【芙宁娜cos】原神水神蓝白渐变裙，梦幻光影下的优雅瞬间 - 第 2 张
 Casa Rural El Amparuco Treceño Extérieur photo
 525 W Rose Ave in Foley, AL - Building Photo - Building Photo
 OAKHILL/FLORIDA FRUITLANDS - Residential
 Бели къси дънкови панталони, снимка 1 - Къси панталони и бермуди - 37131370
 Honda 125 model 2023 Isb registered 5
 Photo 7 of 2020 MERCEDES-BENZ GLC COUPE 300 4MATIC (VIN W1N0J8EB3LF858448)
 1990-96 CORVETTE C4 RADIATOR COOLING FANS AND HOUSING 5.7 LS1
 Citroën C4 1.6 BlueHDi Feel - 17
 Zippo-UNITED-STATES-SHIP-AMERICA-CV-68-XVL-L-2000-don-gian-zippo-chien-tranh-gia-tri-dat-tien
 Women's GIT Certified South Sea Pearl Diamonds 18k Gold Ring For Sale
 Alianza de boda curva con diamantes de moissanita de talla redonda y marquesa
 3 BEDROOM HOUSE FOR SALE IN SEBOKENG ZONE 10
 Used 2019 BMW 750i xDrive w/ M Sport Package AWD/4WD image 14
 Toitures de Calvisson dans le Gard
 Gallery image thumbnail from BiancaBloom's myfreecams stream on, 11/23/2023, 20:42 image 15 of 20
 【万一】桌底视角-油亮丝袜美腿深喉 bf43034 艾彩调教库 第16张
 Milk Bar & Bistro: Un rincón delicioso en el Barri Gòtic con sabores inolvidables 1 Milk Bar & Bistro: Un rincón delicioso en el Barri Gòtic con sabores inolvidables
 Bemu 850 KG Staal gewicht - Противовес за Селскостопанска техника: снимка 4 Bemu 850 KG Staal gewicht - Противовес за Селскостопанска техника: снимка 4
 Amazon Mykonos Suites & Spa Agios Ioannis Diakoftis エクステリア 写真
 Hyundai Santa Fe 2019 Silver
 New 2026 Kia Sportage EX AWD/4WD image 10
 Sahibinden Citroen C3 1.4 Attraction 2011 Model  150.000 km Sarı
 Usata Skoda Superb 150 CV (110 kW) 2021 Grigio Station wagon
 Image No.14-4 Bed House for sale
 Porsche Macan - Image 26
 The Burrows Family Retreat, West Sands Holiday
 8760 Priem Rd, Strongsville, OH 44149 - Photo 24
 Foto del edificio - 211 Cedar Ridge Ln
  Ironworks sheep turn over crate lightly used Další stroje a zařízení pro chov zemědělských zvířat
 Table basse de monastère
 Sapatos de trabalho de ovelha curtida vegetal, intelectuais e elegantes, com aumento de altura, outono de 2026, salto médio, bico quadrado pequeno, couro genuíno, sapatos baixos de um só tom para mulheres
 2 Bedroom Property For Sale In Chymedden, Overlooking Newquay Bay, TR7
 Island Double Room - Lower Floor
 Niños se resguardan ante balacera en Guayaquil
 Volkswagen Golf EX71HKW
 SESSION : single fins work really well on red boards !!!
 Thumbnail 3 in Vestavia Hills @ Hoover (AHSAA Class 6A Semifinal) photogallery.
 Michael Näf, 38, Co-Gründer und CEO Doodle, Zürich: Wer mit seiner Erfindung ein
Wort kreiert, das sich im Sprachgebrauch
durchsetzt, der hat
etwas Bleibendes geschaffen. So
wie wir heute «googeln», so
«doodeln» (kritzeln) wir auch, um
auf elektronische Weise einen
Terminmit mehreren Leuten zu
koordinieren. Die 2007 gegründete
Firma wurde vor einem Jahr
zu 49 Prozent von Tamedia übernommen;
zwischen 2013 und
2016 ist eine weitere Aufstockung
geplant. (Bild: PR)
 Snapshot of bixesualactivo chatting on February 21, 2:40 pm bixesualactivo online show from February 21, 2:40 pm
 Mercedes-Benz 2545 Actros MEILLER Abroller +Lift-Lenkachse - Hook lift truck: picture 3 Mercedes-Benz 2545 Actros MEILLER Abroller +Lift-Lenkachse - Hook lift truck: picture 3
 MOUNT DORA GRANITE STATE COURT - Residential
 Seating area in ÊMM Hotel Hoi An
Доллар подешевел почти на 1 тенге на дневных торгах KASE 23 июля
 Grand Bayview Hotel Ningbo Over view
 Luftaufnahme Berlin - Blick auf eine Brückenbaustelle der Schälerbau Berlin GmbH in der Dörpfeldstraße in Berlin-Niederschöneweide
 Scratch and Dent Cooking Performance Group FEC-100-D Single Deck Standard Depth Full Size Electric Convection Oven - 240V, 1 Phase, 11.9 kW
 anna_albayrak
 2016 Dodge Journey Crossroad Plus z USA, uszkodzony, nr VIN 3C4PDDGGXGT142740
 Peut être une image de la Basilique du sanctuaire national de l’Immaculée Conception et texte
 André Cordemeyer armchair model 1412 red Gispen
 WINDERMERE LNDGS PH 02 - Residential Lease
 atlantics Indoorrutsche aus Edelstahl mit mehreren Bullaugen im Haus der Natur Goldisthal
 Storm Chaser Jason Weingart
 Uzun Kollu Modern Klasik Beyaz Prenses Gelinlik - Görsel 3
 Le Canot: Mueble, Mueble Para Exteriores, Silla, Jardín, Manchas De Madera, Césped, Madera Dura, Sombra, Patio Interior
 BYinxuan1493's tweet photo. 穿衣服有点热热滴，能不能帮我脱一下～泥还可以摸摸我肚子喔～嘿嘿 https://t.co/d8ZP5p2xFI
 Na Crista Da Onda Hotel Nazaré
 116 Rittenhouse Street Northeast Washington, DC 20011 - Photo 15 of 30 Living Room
☆ ☆ ☆ ☆
*TRY IT*:
Reproduce exactly the entries above, limited to the lines from the one with "Sahibinden Citroen C3" through the one with "Seating area in ÊMM Hotel Hoi An", both included.

*ANSWER TO THIS TASK*:
 Sahibinden Citroen C3 1.4 Attraction 2011 Model  150.000 km Sarı
 Usata Skoda Superb 150 CV (110 kW) 2021 Grigio Station wagon
 Image No.14-4 Bed House for sale
 Porsche Macan - Image 26
 The Burrows Family Retreat, West Sands Holiday
 8760 Priem Rd, Strongsville, OH 44149 - Photo 24
 Foto del edificio - 211 Cedar Ridge Ln
  Ironworks sheep turn over crate lightly used Další stroje a zařízení pro chov zemědělských zvířat
 Table basse de monastère
 Sapatos de trabalho de ovelha curtida vegetal, intelectuais e elegantes, com aumento de altura, outono de 2026, salto médio, bico quadrado pequeno, couro genuíno, sapatos baixos de um só tom para mulheres
 2 Bedroom Property For Sale In Chymedden, Overlooking Newquay Bay, TR7
 Island Double Room - Lower Floor
 Niños se resguardan ante balacera en Guayaquil
 Volkswagen Golf EX71HKW
 SESSION : single fins work really well on red boards !!!
 Thumbnail 3 in Vestavia Hills @ Hoover (AHSAA Class 6A Semifinal) photogallery.
 Michael Näf, 38, Co-Gründer und CEO Doodle, Zürich: Wer mit seiner Erfindung ein
Wort kreiert, das sich im Sprachgebrauch
durchsetzt, der hat
etwas Bleibendes geschaffen. So
wie wir heute «googeln», so
«doodeln» (kritzeln) wir auch, um
auf elektronische Weise einen
Terminmit mehreren Leuten zu
koordinieren. Die 2007 gegründete
Firma wurde vor einem Jahr
zu 49 Prozent von Tamedia übernommen;
zwischen 2013 und
2016 ist eine weitere Aufstockung
geplant. (Bild: PR)
 Snapshot of bixesualactivo chatting on February 21, 2:40 pm bixesualactivo online show from February 21, 2:40 pm
 Mercedes-Benz 2545 Actros MEILLER Abroller +Lift-Lenkachse - Hook lift truck: picture 3 Mercedes-Benz 2545 Actros MEILLER Abroller +Lift-Lenkachse - Hook lift truck: picture 3
 MOUNT DORA GRANITE STATE COURT - Residential
 Seating area in ÊMM Hotel Hoi An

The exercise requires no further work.